The Straits Times 10 February 1992
One of the vultures spotted at Bukit Timah;
(The Straits Times, 10 February 1992)

The Straits Times 10 February 1992
(The Straits Times, 10 February 1992)

After a long interval, Himalayan griffon vultures were spotted again in Singapore, with a pair seen at Kent Ridge, and another sighting of a pair in the Orchard Road area in January 2005. One of the vultures was subsequently encountered at Nanyang Girls' High School off Dunearn Road. Weak and unable to fly, it was picked by the Jurong Bird Park.

The Straits Times 12 January 2005
(The Straits Times, 12 January 2005)

Himalayan Griffon Vulture
This was the Himalayan griffon vulture rescued from Nanyang Girls' High School;
(Photo by glassdog00)

January 2006 saw another vulture at Changi Cove, and one more turned up in Ang Mo Kio in December of that same year. In both cases, the vultures appeared weak and exhausted, and were subsequently sent to the Jurong Bird Park.

Himalayan griffon vulture at Changi;
(Photo by Wang Luan Keng)

The Straits Times 29 January 2006
The same vulture rescued from Changi;
(The Straits Times, 29 January 2006)

The Straits Times 29 January 2006
(The Straits Times, 29 January 2006)

More Himalayan griffon vultures were seen in January 2008, with an individual seen in Upper Seletar, three in Bukit Timah, and a single bird that was seen soaring over a grassland in Yishun before flying over to Johor There is also a sighting of a vulture in Braddell from February.

A pair of Himalayan griffon vultures soaring above Bukit Timah;
(Photo by Lee Tiah Kee)

himalayan vulture
(Photo by Lee Tiah Kee)

Himalayan griffon vulture at MacRitchie;
(Photo by Leslie Fung)

Himalayan griffon vultures made an appearance again in 2010, with a single bird seen at MacRitchie Reservoir. In March 2010, a pair was seen flying above Sungei Buloh, coinciding with the Annual Bird Census.

Where are all these vultures coming from? It may be easy to assume that these represent escapees from captive collections, or the exotic bird trade.
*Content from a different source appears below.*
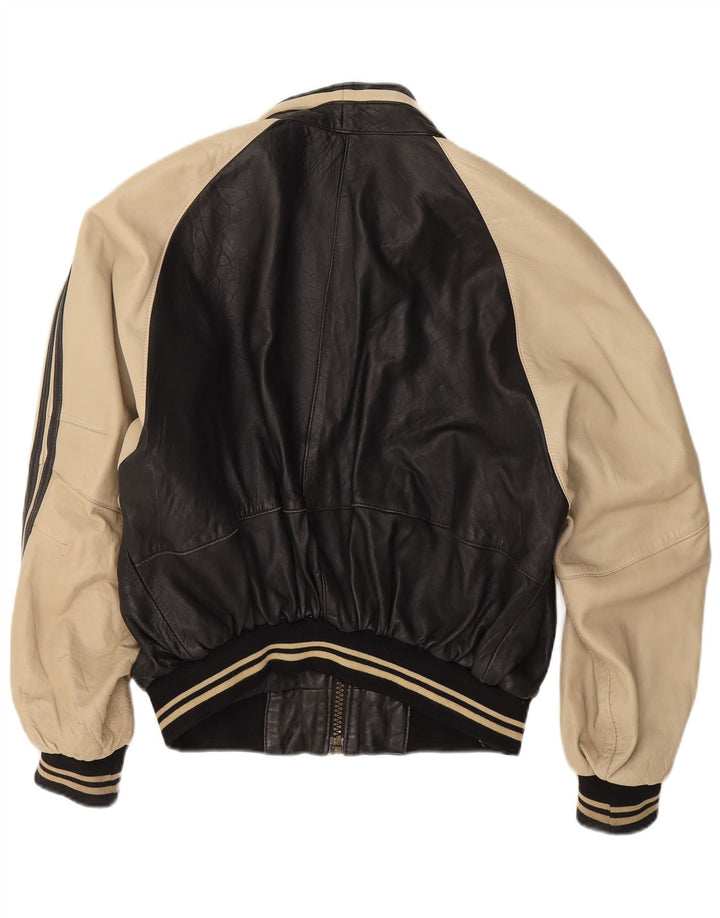 Chaqueta de cuero vintage para hombre Reino Unido 38 Piel de cordero color negro medio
However, most of these vultures do not seem to be suffering from any damage to the tail and flight feathers, or staining from faeces, as would be seen in large birds confined for long periods of time within a cage.

What is interesting is that for most of these records, the vultures are juveniles, which suggests that this is linked to the tendency of immature raptors to disperse and wander after fledging. It is likely that some of these end up straying beyond their usual haunts, due to inexperience with foraging and navigation. That these sightings typically occur during the winter months also hints at the possibility that this is linked to a reduction in food supply during winter. Of course, it also raises the question as to whether there have been any changes to the vultures' sources of food up in the mountains; some wild ungulate species like Tibetan gazelle (Procapra picticaudata) and chiru (Pantholops hodgsoni), whose carcasses would have fed and sustained Himalayan griffon vultures, have suffered greatly in recent years due to rampant hunting.
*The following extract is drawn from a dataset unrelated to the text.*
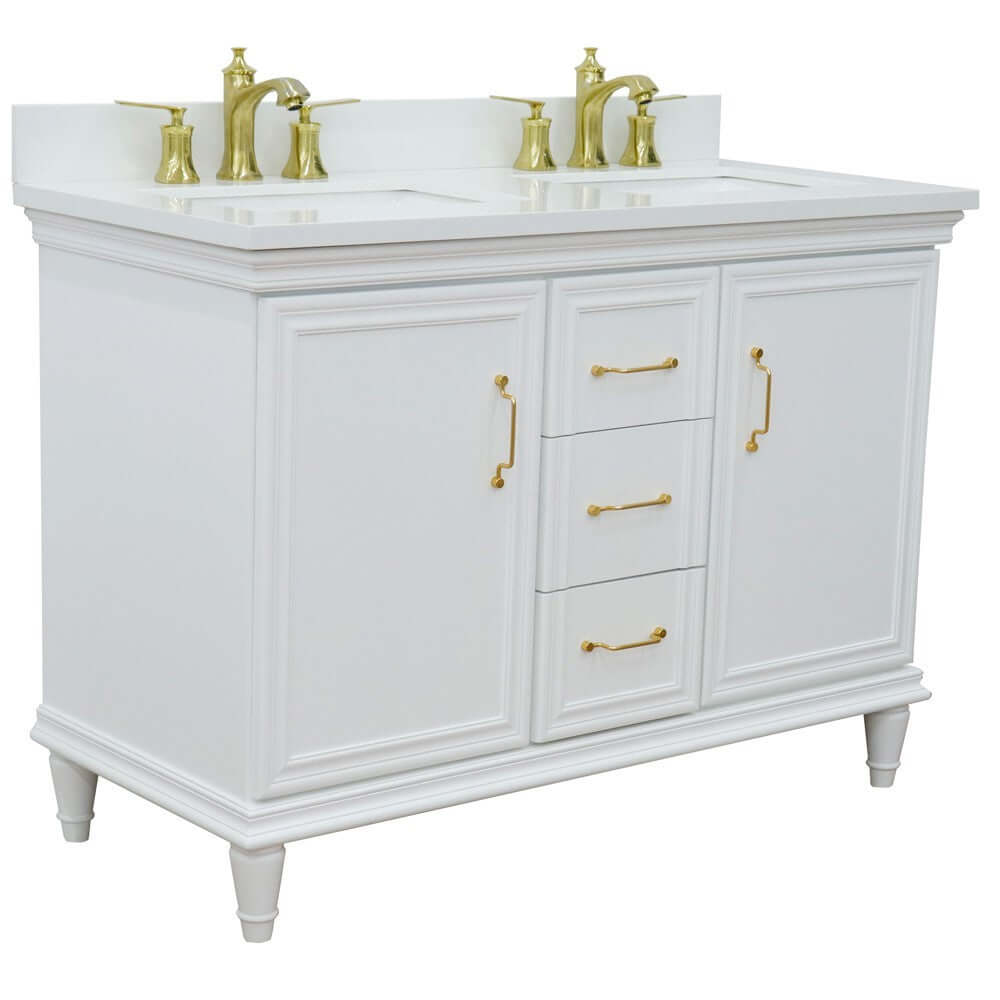 49" Double vanity in White finish with White quartz and rectangle sink - 400800-49D-WH-WER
Tibetan gazelle, male DSC_5531
Left: Male Tibetan gazelle;
(Photo by marc.foggin)
Right: Male chiru;
(Photo by yun dan)

Although the Himalayan griffon vulture is not typically migratory, it appears that every once in a while, something occurs in the central Asian uplands, triggering juvenile vultures to disperse far and wide, with some flying as far as Thailand, Malaysia, and Singapore. And if the story of this Himalayan griffon vulture that was supposedly caught in Bintan is to be believed, some of them might even cross the large expanses of sea into Indonesian territory.

Whether this is the result of population irruption, in which a large increase of numbers causes vultures to wander far beyond their usual range, or a possible range expansion, with vultures possibly establishing themselves in areas outside of their current distribution, remains to be seen. The fact that many of these vultures are in poor condition, likely a combination of flying such great distances as well as a lack of large carcasses to feed on, probably means that Southeast Asia does not offer much suitable habitat for these scavengers.

Himalayan Giffon Vulture
(Photo by Market Uncle)

Much of this information, including a comprehensive list of records of Himalayan griffon vultures in Southeast Asia, is covered in this 2008 article by Yong Ding Li and Chaiyan Kasorndorkbua.